La propuesta de efemérides culturales de este capítulo comienza con Hernán Cortés, su llegada a Tenochtitlán y el encuentro con Moctezuma. Tiempo después los españoles, con ayuda de una coalición de pueblos indígenas, toman la ciudad y cae el Imperio azteca.
En segundo lugar, el periplo cultural salta al senado romano, donde Catón repetía la frase que se le suele atribuir: «Delenda est Cartago«. La frase, ya fuera dicha o no por Catón, se refiere a la idea que el político y militar romano tenía. Había que destruir a Cartago, la ciudad del norte de África (hoy Túnez) que fuera fundada por los fenicios en el siglo IX a.C.

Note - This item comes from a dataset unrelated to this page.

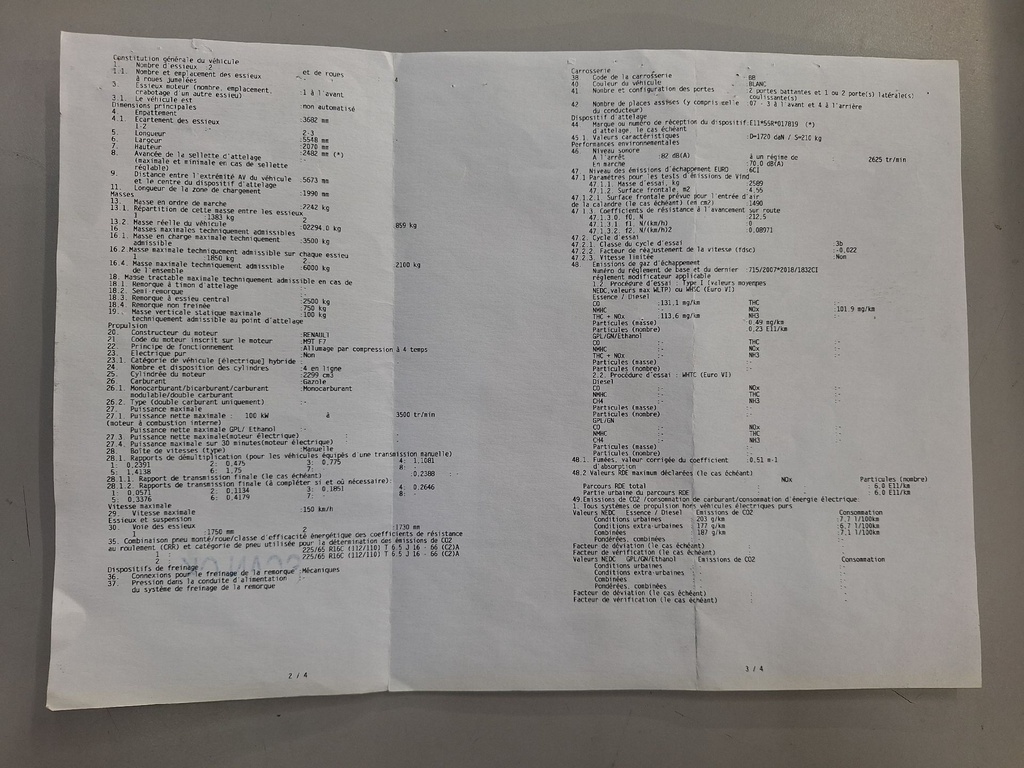 Photo 19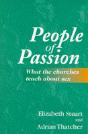 People Of Passion - Preview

Cartago se oponía firmemente a Roma, pero finalmente, después de las Guerras Púnicas, cayó en el año 146 a.C. frente a la República romana.
Posteriormente, continuando el recorrido, se llega al Museo del Louvre, el cual abre sus puertas al público en 1793. La Gioconda, de Leonardo da Vinci, figura entre los tesoros culturales que allí se exponen.
La travesía cultural continúa en Alemania: en 1895, Wilhelm Konrad Roentgen descubre los rayos X al experimentar con los nuevos rayos catódicos.
Para finalizar, Kennedy, Trump, Drácula y la música de Chopin
Luego siguen Estados Unidos con John Fitzgerald Kennedy y Grecia con la tumba de Filipo II de Macedonia. España también aparece, con su producción de energía eólica. Y Donald Trump, en 1916, se convierte en el presidente número 45 de Estados Unidos.
A continuación, Memoris Nocturnae llega a los Cárpatos con el conde Drácula, con una sorprendente teatralización por parte de Jorge Vuelta. La actuación va creciendo en intensidad hasta producirse una catarsis liberadora, produciéndose una bienvenida relajación. La olla a presión ha liberado su contenido inquietante y pernicioso.
El viaje deriva en momentos plenos de calma y bella música romántica que alimenta el espíritu. Frédéric Chopin llega a la Isla de Mallorca, en compañía de George Sand. De fondo, como música celestial, suena un piano: el Nocturno Op. 9, N° 2 en Mi bemol mayor.